• WORK REQUIRED:
Every line of the data below should be printed exactly. Nothing may be dropped.

• Extracted data entries:

----

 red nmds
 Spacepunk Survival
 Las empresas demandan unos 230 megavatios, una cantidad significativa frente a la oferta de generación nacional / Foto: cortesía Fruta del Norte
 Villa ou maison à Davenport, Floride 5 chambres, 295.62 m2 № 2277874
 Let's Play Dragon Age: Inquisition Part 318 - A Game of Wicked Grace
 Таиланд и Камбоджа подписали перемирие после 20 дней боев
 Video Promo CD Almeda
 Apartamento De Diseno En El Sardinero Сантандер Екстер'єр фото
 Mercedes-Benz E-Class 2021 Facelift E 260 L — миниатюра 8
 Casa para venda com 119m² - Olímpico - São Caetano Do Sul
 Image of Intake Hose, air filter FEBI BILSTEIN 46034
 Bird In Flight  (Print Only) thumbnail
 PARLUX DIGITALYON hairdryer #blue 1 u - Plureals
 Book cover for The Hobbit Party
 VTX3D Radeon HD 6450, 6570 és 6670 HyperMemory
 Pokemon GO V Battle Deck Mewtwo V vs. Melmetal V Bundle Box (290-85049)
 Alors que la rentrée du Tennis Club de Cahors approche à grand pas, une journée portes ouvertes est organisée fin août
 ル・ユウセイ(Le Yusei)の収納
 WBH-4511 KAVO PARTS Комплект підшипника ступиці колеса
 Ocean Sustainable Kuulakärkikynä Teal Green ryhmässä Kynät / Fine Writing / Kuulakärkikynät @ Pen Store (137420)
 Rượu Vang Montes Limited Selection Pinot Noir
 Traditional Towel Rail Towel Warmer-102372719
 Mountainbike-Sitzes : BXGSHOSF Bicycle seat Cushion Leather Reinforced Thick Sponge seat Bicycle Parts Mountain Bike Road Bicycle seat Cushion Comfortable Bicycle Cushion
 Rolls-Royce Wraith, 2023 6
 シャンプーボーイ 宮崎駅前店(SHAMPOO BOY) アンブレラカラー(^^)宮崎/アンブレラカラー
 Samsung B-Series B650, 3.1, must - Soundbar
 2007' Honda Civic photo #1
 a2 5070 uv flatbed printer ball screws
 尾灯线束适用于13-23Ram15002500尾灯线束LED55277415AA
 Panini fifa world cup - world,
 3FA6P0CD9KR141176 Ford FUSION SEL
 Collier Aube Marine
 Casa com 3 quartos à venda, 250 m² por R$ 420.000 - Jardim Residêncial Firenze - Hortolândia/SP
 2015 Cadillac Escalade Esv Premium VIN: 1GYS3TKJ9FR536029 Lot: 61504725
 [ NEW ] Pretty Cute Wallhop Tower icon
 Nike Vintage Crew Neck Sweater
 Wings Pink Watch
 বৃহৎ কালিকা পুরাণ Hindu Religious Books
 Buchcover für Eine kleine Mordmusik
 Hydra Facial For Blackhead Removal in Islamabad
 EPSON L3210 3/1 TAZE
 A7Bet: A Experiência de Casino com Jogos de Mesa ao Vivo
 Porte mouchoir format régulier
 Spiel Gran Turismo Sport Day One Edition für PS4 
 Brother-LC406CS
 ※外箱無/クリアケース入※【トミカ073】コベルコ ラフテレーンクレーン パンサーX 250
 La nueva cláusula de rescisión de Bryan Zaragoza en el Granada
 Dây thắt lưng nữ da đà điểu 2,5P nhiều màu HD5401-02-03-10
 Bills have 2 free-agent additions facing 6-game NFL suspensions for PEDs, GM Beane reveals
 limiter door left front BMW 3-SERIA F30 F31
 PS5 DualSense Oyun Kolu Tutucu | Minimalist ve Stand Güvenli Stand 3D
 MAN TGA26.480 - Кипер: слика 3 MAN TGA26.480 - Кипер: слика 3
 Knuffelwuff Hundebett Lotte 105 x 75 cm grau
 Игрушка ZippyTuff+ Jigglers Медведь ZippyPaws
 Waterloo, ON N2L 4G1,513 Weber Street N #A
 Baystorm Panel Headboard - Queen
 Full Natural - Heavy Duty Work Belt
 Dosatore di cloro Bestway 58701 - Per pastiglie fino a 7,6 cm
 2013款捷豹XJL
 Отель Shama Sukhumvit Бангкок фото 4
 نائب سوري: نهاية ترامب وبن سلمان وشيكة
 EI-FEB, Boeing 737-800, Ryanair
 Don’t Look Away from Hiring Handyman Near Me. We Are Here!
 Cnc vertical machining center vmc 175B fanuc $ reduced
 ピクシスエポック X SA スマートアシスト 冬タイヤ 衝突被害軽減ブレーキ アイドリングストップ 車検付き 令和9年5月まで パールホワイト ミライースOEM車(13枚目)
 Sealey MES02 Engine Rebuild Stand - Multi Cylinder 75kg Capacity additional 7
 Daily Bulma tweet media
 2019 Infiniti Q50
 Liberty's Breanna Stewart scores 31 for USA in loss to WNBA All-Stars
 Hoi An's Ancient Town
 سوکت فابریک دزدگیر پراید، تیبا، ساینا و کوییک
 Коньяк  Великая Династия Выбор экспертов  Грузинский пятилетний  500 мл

----

• ANSWER TO THIS EXERCISE:
 red nmds
 Spacepunk Survival
 Las empresas demandan unos 230 megavatios, una cantidad significativa frente a la oferta de generación nacional / Foto: cortesía Fruta del Norte
 Villa ou maison à Davenport, Floride 5 chambres, 295.62 m2 № 2277874
 Let's Play Dragon Age: Inquisition Part 318 - A Game of Wicked Grace
 Таиланд и Камбоджа подписали перемирие после 20 дней боев
 Video Promo CD Almeda
 Apartamento De Diseno En El Sardinero Сантандер Екстер'єр фото
 Mercedes-Benz E-Class 2021 Facelift E 260 L — миниатюра 8
 Casa para venda com 119m² - Olímpico - São Caetano Do Sul
 Image of Intake Hose, air filter FEBI BILSTEIN 46034
 Bird In Flight  (Print Only) thumbnail
 PARLUX DIGITALYON hairdryer #blue 1 u - Plureals
 Book cover for The Hobbit Party
 VTX3D Radeon HD 6450, 6570 és 6670 HyperMemory
 Pokemon GO V Battle Deck Mewtwo V vs. Melmetal V Bundle Box (290-85049)
 Alors que la rentrée du Tennis Club de Cahors approche à grand pas, une journée portes ouvertes est organisée fin août
 ル・ユウセイ(Le Yusei)の収納
 WBH-4511 KAVO PARTS Комплект підшипника ступиці колеса
 Ocean Sustainable Kuulakärkikynä Teal Green ryhmässä Kynät / Fine Writing / Kuulakärkikynät @ Pen Store (137420)
 Rượu Vang Montes Limited Selection Pinot Noir
 Traditional Towel Rail Towel Warmer-102372719
 Mountainbike-Sitzes : BXGSHOSF Bicycle seat Cushion Leather Reinforced Thick Sponge seat Bicycle Parts Mountain Bike Road Bicycle seat Cushion Comfortable Bicycle Cushion
 Rolls-Royce Wraith, 2023 6
 シャンプーボーイ 宮崎駅前店(SHAMPOO BOY) アンブレラカラー(^^)宮崎/アンブレラカラー
 Samsung B-Series B650, 3.1, must - Soundbar
 2007' Honda Civic photo #1
 a2 5070 uv flatbed printer ball screws
 尾灯线束适用于13-23Ram15002500尾灯线束LED55277415AA
 Panini fifa world cup - world,
 3FA6P0CD9KR141176 Ford FUSION SEL
 Collier Aube Marine
 Casa com 3 quartos à venda, 250 m² por R$ 420.000 - Jardim Residêncial Firenze - Hortolândia/SP
 2015 Cadillac Escalade Esv Premium VIN: 1GYS3TKJ9FR536029 Lot: 61504725
 [ NEW ] Pretty Cute Wallhop Tower icon
 Nike Vintage Crew Neck Sweater
 Wings Pink Watch
 বৃহৎ কালিকা পুরাণ Hindu Religious Books
 Buchcover für Eine kleine Mordmusik
 Hydra Facial For Blackhead Removal in Islamabad
 EPSON L3210 3/1 TAZE
 A7Bet: A Experiência de Casino com Jogos de Mesa ao Vivo
 Porte mouchoir format régulier
 Spiel Gran Turismo Sport Day One Edition für PS4 
 Brother-LC406CS
 ※外箱無/クリアケース入※【トミカ073】コベルコ ラフテレーンクレーン パンサーX 250
 La nueva cláusula de rescisión de Bryan Zaragoza en el Granada
 Dây thắt lưng nữ da đà điểu 2,5P nhiều màu HD5401-02-03-10
 Bills have 2 free-agent additions facing 6-game NFL suspensions for PEDs, GM Beane reveals
 limiter door left front BMW 3-SERIA F30 F31
 PS5 DualSense Oyun Kolu Tutucu | Minimalist ve Stand Güvenli Stand 3D
 MAN TGA26.480 - Кипер: слика 3 MAN TGA26.480 - Кипер: слика 3
 Knuffelwuff Hundebett Lotte 105 x 75 cm grau
 Игрушка ZippyTuff+ Jigglers Медведь ZippyPaws
 Waterloo, ON N2L 4G1,513 Weber Street N #A
 Baystorm Panel Headboard - Queen
 Full Natural - Heavy Duty Work Belt
 Dosatore di cloro Bestway 58701 - Per pastiglie fino a 7,6 cm
 2013款捷豹XJL
 Отель Shama Sukhumvit Бангкок фото 4
 نائب سوري: نهاية ترامب وبن سلمان وشيكة
 EI-FEB, Boeing 737-800, Ryanair
 Don’t Look Away from Hiring Handyman Near Me. We Are Here!
 Cnc vertical machining center vmc 175B fanuc $ reduced
 ピクシスエポック X SA スマートアシスト 冬タイヤ 衝突被害軽減ブレーキ アイドリングストップ 車検付き 令和9年5月まで パールホワイト ミライースOEM車(13枚目)
 Sealey MES02 Engine Rebuild Stand - Multi Cylinder 75kg Capacity additional 7
 Daily Bulma tweet media
 2019 Infiniti Q50
 Liberty's Breanna Stewart scores 31 for USA in loss to WNBA All-Stars
 Hoi An's Ancient Town
 سوکت فابریک دزدگیر پراید، تیبا، ساینا و کوییک
 Коньяк  Великая Династия Выбор экспертов  Грузинский пятилетний  500 мл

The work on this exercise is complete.